One of my first vivid memories of my childhood was learning this specific lesson. I was about 5 years old when I hit my annoying younger brother. I’m sure he deserved it, but while praying with my mother that night she told me that I had to confess my sin to God and ask Him to forgive me of it. I had to be very sorry for what I did, so sorry that I would not ever do it again. I was NOT amused. I did not want to confess my sin and I most certainly did not want to give up the opportunity to smack my annoying little brother when he bothered me again. But she pressed on. I ended up in tears because my fighting little spirit did not want to submit to the authority of God. I wanted to do things my way. Fortunately my mother would not concede to my will but insisted that I yield my will to God’s. That night I confessed my sin to God and asked Him to forgive me. I repented of my sin and I relinquished my will to His. It wasn’t easy, but it made a lasting impression. My mom taught me that repentance was much more than simply saying, “I’m sorry.” It is a condition of the heart and mind.

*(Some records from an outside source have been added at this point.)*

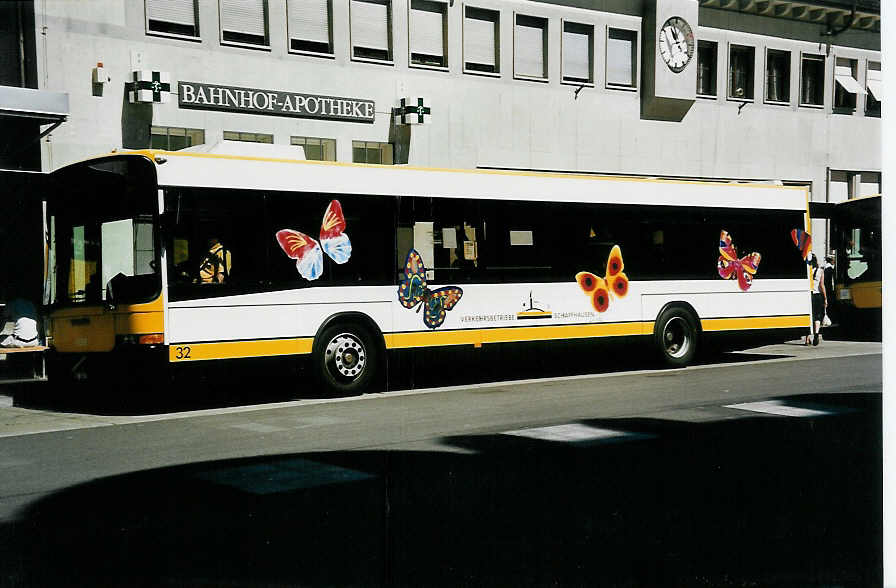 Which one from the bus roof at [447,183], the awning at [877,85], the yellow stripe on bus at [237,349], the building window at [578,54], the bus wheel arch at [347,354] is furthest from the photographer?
the building window at [578,54]

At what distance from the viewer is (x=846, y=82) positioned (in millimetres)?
6965

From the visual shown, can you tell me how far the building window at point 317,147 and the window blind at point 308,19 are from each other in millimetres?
1814

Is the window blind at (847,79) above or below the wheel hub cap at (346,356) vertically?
above

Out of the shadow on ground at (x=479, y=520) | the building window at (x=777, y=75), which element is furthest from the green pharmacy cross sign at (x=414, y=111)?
the shadow on ground at (x=479, y=520)

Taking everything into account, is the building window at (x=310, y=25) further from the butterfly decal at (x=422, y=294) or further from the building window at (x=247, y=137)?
the butterfly decal at (x=422, y=294)

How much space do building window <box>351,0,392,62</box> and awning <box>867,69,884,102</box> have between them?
5557mm

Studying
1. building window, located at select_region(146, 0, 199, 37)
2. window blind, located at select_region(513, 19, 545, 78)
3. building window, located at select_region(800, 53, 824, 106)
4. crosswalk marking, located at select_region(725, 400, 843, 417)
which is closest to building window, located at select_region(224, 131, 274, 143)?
building window, located at select_region(146, 0, 199, 37)

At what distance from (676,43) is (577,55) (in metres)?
1.35

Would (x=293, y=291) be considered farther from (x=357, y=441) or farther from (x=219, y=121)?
(x=357, y=441)

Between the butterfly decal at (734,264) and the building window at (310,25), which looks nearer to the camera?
the building window at (310,25)

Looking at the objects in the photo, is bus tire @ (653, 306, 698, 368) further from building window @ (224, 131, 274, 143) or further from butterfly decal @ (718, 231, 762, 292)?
building window @ (224, 131, 274, 143)

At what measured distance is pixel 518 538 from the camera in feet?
17.0

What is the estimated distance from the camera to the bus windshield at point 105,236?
10703 millimetres

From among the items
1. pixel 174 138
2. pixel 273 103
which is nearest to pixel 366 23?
pixel 273 103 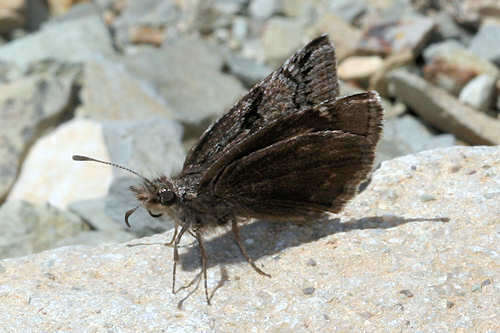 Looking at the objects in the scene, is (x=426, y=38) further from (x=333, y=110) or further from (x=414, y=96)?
(x=333, y=110)

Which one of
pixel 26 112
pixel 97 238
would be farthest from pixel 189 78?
pixel 97 238

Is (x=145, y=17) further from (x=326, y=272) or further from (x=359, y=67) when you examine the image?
(x=326, y=272)

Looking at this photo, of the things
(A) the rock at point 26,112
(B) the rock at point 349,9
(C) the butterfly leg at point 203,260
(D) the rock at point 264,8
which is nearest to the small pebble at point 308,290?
(C) the butterfly leg at point 203,260

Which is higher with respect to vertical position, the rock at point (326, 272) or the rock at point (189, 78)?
the rock at point (326, 272)

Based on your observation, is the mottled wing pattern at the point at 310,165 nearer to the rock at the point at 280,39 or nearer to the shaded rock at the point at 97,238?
the shaded rock at the point at 97,238

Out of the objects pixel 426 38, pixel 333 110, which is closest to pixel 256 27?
pixel 426 38

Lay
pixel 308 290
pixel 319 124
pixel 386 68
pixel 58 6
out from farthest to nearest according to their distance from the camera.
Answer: pixel 58 6, pixel 386 68, pixel 319 124, pixel 308 290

People of all ages struggle with wanting to do things their own way. Yet teaching children to submit to God’s authority, to confess their sins, and turn from them is an extremely important part of the Christian life. Just saying “sorry” is not true repentance. Pretending you didn’t sin to begin with only shows regret. We teach our children that true repentance means that you believe what you did was wrong, you wish you had never done it, and you won’t do it again. I’m not sure all of my children quite understand this concept yet, partially because it goes hand in hand with a personal relationship with God. Repentance is born out of believing that what Jesus said is true and ultimately submitting to God’s authority. We cannot force our children to love God, but we can instill in them the truth. Hebrews 12:6 says that the Lord disciplines those He loves. As the Lord corrects and guides us, we should do the same with our children. It isn’t easy, but thankfully, God will help us as we attempt to raise children who love and honor Him.

Sarah and her husband have six children under the age of 12, 2 dogs, and way too much laundry! When they aren't busy with school, sports, and church, Sarah enjoys exploring northern Michigan and camping with her family.